- Opening Delimiter -

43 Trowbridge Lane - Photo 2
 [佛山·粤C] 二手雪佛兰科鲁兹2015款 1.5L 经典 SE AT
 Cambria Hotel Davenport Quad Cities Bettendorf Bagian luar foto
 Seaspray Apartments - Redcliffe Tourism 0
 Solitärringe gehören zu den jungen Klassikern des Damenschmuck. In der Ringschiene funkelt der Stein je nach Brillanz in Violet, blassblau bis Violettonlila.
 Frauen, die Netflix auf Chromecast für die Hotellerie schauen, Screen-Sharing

- Closing Delimiter -

> Exercise requirements
Nothing should appear in the answer except the lines from the one with "Solitärringe gehören zu" through the final line of the records, written exactly.

> Exercise answer
 Solitärringe gehören zu den jungen Klassikern des Damenschmuck. In der Ringschiene funkelt der Stein je nach Brillanz in Violet, blassblau bis Violettonlila.
 Frauen, die Netflix auf Chromecast für die Hotellerie schauen, Screen-Sharing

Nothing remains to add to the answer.